Da ciò possiamo dedurre che l'eventuale motivo giuridico per la messa sotto accusa del cristiano non poteva essere il fatto stesso che costui fosse considerato tale, ma il fatto che avesse commesso dei precisi reati contro la legge romana.
Se i romani si sono impeganti tanto, specialmente in alcuni periodi particolari, a perseguitare i cristiani, sarà certamente utile analizzare come li consideravano essi stessi e che cosa hanno scritto di loro, per mano di alcuni storici famosi.

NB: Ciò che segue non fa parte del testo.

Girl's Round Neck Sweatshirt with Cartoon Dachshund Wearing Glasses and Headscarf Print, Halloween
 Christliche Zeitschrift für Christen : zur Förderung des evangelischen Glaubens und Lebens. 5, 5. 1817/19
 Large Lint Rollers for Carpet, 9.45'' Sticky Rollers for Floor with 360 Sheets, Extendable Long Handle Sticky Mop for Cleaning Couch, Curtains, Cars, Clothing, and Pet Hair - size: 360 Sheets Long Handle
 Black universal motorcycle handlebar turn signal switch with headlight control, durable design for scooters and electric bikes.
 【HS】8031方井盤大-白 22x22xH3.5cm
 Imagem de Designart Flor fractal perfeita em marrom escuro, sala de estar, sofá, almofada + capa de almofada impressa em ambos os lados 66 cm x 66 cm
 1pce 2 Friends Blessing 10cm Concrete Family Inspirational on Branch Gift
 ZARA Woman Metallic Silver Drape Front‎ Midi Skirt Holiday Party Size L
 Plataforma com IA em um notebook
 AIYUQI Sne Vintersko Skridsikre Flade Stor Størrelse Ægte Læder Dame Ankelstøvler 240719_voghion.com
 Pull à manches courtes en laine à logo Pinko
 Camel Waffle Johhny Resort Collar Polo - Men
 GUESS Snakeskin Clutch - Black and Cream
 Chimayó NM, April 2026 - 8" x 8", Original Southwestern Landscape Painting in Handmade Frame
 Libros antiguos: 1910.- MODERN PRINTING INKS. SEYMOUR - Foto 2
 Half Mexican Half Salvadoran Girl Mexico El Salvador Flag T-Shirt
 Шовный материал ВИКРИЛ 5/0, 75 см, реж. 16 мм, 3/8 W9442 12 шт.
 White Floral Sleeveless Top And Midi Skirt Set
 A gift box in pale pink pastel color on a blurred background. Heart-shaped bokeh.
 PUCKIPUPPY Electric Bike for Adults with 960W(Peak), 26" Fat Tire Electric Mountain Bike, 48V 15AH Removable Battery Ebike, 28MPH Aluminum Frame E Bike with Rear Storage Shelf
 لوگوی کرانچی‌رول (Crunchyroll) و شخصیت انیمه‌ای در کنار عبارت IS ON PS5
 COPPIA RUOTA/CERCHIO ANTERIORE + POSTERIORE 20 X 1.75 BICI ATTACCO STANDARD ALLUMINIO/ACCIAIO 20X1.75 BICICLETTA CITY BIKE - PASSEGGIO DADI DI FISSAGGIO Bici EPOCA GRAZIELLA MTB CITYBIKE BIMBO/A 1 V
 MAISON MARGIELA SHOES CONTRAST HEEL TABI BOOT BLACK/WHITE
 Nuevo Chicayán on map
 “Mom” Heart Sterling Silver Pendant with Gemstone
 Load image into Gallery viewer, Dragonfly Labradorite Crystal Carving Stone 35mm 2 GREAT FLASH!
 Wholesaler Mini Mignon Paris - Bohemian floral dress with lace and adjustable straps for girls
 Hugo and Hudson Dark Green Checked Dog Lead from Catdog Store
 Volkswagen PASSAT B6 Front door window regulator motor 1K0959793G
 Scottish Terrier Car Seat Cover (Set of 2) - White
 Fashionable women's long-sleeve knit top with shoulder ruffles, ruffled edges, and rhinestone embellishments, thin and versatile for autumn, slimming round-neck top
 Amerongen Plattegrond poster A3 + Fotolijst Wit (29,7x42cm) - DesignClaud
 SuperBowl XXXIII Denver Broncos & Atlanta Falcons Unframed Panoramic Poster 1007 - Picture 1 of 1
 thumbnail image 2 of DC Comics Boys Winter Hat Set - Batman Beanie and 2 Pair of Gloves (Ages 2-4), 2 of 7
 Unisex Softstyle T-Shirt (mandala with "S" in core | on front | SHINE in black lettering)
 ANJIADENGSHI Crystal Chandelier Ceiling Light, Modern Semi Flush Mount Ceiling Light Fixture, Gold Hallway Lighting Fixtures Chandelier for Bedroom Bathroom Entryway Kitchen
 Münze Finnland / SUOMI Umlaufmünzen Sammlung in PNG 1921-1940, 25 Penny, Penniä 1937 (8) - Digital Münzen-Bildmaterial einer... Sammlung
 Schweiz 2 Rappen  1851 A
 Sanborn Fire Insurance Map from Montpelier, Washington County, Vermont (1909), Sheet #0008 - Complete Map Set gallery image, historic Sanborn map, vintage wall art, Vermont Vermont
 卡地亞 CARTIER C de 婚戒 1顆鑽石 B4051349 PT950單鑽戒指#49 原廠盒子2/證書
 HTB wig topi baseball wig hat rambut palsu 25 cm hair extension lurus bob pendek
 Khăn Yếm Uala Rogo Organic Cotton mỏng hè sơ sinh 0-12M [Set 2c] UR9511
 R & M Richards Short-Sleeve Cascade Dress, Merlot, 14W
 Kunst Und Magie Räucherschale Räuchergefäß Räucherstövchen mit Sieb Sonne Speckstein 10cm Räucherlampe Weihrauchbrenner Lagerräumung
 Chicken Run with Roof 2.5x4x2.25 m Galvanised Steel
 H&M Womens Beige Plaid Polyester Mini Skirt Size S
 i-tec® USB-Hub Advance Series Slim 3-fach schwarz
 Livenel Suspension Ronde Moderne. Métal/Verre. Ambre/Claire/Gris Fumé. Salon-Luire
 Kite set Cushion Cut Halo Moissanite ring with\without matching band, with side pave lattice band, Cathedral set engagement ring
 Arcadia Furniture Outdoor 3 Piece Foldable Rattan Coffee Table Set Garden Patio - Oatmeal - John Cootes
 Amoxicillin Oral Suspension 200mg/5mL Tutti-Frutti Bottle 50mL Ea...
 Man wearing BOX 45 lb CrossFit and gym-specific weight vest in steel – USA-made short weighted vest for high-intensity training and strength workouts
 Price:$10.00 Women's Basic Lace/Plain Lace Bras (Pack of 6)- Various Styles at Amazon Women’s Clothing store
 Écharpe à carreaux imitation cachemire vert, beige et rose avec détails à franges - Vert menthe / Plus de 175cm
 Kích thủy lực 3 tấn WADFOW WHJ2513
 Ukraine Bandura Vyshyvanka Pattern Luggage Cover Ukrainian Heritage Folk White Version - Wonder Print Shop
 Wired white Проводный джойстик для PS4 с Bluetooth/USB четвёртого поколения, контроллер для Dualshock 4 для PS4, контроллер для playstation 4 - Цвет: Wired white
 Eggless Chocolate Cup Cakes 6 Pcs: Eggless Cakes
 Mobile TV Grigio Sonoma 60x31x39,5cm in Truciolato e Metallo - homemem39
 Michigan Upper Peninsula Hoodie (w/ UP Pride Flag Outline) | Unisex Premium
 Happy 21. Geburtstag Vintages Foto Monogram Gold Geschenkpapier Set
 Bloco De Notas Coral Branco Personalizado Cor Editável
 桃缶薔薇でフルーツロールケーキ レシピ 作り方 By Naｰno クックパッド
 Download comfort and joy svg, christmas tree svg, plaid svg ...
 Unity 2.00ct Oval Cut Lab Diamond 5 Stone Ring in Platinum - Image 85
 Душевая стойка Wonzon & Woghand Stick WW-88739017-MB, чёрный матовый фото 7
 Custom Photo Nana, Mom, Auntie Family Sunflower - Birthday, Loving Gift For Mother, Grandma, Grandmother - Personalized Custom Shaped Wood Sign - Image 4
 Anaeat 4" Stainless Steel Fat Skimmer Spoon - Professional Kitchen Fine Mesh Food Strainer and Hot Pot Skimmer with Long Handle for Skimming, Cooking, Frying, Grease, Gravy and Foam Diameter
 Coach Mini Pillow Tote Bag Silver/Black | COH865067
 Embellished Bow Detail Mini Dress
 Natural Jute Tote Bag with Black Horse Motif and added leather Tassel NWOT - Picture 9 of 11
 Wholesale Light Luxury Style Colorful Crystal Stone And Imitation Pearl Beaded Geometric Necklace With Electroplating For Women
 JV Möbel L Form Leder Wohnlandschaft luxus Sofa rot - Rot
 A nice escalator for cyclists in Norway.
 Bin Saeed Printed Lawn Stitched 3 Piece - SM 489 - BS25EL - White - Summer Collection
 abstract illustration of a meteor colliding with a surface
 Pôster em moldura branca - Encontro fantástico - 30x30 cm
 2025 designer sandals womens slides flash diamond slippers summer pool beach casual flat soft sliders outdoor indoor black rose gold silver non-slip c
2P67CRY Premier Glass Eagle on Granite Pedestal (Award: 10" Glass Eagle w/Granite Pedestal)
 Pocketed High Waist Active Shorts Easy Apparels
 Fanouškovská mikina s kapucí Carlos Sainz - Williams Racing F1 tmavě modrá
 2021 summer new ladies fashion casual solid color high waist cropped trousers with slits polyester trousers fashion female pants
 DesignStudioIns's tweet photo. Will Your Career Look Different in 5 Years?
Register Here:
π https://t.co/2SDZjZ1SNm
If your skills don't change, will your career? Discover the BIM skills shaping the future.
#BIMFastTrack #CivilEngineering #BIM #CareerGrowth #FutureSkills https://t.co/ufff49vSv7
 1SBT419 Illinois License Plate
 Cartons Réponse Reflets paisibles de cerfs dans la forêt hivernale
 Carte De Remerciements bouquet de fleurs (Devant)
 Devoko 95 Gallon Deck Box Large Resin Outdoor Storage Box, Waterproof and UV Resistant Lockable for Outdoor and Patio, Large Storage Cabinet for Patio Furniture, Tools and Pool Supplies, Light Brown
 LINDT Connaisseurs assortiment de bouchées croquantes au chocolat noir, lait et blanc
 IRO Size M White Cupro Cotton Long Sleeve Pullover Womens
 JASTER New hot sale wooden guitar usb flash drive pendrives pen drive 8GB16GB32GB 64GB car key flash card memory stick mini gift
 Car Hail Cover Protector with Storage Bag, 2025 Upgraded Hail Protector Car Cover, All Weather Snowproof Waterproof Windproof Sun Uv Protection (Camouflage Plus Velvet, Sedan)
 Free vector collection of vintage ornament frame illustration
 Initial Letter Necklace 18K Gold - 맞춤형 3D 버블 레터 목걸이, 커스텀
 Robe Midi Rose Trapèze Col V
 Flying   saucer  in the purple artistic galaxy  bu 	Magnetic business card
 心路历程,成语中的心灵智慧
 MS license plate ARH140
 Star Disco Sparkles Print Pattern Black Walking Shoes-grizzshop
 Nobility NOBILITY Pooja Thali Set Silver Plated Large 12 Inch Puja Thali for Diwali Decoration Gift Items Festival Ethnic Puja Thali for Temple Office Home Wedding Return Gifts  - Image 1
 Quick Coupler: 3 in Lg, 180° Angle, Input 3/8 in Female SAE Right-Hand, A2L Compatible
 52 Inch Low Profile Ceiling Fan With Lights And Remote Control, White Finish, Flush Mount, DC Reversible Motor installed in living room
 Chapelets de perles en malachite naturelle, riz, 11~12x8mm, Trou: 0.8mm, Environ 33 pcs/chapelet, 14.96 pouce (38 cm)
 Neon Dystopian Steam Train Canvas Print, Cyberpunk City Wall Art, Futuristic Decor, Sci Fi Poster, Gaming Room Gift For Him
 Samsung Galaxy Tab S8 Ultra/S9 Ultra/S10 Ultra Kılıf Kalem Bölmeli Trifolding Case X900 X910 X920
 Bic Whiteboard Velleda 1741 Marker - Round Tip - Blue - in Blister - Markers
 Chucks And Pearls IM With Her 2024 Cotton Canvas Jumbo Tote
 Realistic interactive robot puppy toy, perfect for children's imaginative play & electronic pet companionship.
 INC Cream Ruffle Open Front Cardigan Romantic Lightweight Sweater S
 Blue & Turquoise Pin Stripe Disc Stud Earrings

In pratica, purtroppo, ciò che è uscito dalla penna degli scrittori romani, relativamente a Gesù e ai suoi seguaci, può essere riassunto in poche stringatissime righe.
Così scrisse Svetonio (65-135), riferendosi ad un fatto che risale al 49:
"...egli [l'imperatore Claudio] scacciò da Roma i Giudei che, istigati da Cristo, erano continuamente in lotta..." (Claudius XXV, 4);
e ancora, con riferimento a fatti che risalgono al 64, cioè al periodo della repressione neroniana:
"...gente che presta fede ad una nuova e malefica superstizione..." (Nero, XVI).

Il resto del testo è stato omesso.